The past two decades epitomised the emergence of international investment arbitration as one of the most dynamic areas of legal practice. Given the considerable number of published arbitral awards and legal writings, and the underlying public international law principles, acquiring a firm understanding of international investment law and arbitration has become harder for students, practitioners and others. There is a place for a book which reproduces within a single, portable volume selected extracts from arbitral decisions, other documents and legal writings accompanied by concise, up-to-date and reliable commentary on both the law and procedure of international investment arbitration. Questions of procedure and practice have become bound up with the application of substantive international law protections, raising important questions of technical international law.
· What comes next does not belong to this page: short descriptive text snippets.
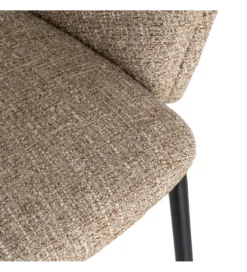 Krzesło HANAREO 82 cm taupe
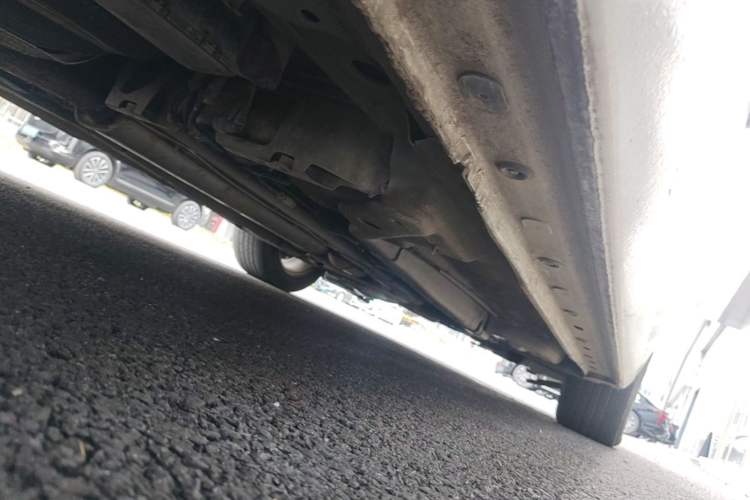 Used Chevrolet Malibu 2013 1.6T Automatic Comfort Edition Chassis Rear Right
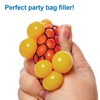 Baker Ross FN140 Mini Mesh Stress Balls - Pack of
There is also the need for the subject to be explained in academic institutions in a way which reflects its historical development, conceptual basis and intellectual contribution to the peaceful settlement of disputes. It is this combination of aims which this book seeks to advance.

A further justification is that the field is in a renewed state of flux. It appeared to us that there is scope for a book which aims to convey the effect of these broader developments, not least on the latest innovations in treaty design and language. However, we have also been wary of exaggerating the current backlash against investment treaties and arbitration. While this book is alive to the gathering forces of change, for now one need look no further than the facts of daily legal practice and the largely unaltered aims of the subject.

The present book draws upon the experience derived from teaching the subject in three different jurisdictions. No work can be faultless. It is especially true of a first edition and we hope to benefit from the comments of our peers about the ways in which this first attempt might be improved. In terms of the allocation of writing responsibility, Lim was tasked with Chapters 1, 4, 8, 11, 14, 17, 18 and 19; Ho with Chapters 2, 3, 6, 7, 9, 10, 13 and 16; and Paparinskis with Chapters 5, 12 and 15. We have tried to state the law and its surrounding developments as they appeared to us in May 2017.